Dans ce qu’il appelle ses « petits livres », Matteo Messina Denaro livre un auto-portrait original dans un style parfois affecté. À la lecture, on se pose sans cesse cette question : était-il un simple criminel arrogant ou plutôt un sicilien non-conventionnel, inclassable, en guerre contre la solitude et les persécutions, un grand sentimental qui se se serait situé toute sa vie « par-delà le bien et le mal » ?
Le jour de son arrestation, le 16 janvier 2023, Denaro « est élégamment vêtu d’un mouton beige à 10.000 euros, d’une chemise Fay, d’un pantalon Burberry, et il porte au poignet une montre Franck Muller à 35.000 euros », raconte Lirio Abbate.
On l’imagine facilement en parrain paradant quand il entre dans la clinique de Palerme où il sera cueilli par les autorités.
Contrairement à ses collègues siciliens, qui, plus provinciaux que lui, tendraient à se terrer dans les recoins de l’île, il adore voyager, gambader dans les capitales étrangères et séduire les femmes qu’il croise sur son passage. Peu avare de commentaires érotiques et machistes, il parle ainsi dans son texte du « culetto », le « petit cul » d’une dame, qu’il a surprise agenouillée à l’église. « Le culetto dit tout d’une femme », écrit-il , « tout de son caractère, son tempérament, son irascibilité ou sa gaité, son coté maternel ou son goût du plaisir ».

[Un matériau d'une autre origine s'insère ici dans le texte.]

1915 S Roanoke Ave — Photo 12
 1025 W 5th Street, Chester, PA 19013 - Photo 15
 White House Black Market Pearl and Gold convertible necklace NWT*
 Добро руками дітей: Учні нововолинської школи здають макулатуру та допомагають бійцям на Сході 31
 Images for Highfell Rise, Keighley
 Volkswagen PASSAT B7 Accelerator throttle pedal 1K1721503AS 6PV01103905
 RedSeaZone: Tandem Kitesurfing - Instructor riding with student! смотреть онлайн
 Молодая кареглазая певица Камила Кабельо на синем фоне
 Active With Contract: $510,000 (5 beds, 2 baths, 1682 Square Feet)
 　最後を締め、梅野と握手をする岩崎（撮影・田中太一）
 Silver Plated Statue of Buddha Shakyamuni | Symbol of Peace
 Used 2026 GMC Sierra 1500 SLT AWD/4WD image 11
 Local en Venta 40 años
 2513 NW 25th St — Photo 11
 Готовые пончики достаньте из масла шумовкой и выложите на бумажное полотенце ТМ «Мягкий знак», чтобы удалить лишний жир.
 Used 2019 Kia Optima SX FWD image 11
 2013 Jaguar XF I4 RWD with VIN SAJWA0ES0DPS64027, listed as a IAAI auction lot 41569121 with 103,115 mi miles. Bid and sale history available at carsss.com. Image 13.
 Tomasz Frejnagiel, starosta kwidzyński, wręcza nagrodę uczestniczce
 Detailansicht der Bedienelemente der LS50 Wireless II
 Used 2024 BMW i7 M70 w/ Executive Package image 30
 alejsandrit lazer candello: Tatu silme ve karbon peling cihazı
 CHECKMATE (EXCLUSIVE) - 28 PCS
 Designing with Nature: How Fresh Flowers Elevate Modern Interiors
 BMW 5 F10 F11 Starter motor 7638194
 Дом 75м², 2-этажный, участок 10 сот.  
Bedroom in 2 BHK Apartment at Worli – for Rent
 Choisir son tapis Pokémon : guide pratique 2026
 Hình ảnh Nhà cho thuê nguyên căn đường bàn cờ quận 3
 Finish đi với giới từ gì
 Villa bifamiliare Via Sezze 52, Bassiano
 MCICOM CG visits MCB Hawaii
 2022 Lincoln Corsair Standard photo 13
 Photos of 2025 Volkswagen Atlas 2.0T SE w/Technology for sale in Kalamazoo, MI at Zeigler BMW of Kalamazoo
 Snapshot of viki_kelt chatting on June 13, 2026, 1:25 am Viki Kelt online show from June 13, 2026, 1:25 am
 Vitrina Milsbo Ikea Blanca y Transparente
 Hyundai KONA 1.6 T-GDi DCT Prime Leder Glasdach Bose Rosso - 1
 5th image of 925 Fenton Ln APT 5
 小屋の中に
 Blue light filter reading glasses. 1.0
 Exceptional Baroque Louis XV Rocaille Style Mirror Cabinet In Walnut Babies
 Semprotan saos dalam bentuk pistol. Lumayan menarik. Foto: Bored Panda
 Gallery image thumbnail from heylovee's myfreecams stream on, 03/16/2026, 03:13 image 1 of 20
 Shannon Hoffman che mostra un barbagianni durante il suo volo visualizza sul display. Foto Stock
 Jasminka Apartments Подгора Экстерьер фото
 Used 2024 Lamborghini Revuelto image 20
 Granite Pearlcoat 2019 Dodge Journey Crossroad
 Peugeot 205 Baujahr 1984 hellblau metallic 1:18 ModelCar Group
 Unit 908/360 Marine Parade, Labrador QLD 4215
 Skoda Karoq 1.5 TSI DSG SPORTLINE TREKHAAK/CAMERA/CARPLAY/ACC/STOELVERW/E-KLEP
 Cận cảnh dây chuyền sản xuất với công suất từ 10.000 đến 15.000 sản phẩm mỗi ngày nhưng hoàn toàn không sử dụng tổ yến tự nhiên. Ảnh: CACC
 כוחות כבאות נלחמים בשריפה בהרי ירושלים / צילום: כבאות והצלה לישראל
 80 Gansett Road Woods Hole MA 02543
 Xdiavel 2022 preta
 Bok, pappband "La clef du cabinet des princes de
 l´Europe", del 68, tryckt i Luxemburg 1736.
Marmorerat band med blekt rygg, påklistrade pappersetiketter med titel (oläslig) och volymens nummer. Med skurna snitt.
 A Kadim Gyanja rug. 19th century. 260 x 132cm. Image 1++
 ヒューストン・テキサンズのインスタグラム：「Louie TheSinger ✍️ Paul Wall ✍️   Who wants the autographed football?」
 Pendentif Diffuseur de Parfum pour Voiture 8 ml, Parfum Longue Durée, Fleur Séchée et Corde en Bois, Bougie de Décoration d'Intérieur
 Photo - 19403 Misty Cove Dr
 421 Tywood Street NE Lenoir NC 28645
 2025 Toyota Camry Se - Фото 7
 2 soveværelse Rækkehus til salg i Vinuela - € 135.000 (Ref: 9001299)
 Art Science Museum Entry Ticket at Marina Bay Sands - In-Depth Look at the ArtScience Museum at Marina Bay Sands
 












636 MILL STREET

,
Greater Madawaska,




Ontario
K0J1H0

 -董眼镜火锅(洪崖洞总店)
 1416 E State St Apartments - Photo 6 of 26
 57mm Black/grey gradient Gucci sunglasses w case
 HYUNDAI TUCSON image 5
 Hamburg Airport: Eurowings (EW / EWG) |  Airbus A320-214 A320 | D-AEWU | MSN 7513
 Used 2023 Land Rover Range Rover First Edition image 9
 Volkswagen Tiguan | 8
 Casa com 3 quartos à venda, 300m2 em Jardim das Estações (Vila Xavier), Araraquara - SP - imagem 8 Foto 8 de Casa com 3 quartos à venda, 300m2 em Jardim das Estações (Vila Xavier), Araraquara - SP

Ajoutons qu’il « plait beaucoup aux femmes et qu’il les collectionne, y compris des françaises » comme le raconte Abbate. À propos de l’une d’elle, le parrain écrit : « J’ai rêvé de m’endormir sur son pubis noir cuivré, couleur henné ».
L’autoportrait, jusqu’ici légèrement attendu, pourra pourtant surprendre le lecteur. Ainsi, Matteo Massina Denaro livre des passages émouvant sur sa fille, Lorenza, et des réflexions sur la culture et à la religion. Il accumule les citations en latin, parle d’Érasme, avoue qu’il « préfère écrire plutôt que parler » et s’il évoque Dieu c’est en qualité d’agnostique : « Je veux à ma mort un face à face avec Dieu, sans intermédiaires ». Fier de lui, il philosophe : « Ce qui importe c’est comment nous vivons, comment nous utilisons ce qui nous a été donné, et le fait de pouvoir penser « Je n’ai pas gaspillé mon temps » ».
On ne trouvera ici aucune repentance. Interrogé à diverses reprises pendant sa détention, achevée à sa mort, le 25 septembre 2023 , il n’avancera pas l’ombre d’une autocritique. On se souviendra tout de même que Matteo Massina Denaro, en compagnie d’autres membres de la « Commission » de Cosa Nostra, commandita délibéra l’assassinat du juge Giovanni Falcone le 23 Mai 1992.
I Diari del boss, de Lirio Abbate et Matteo Messina Denaro, Rizzoli, 336 pages, 18,50€.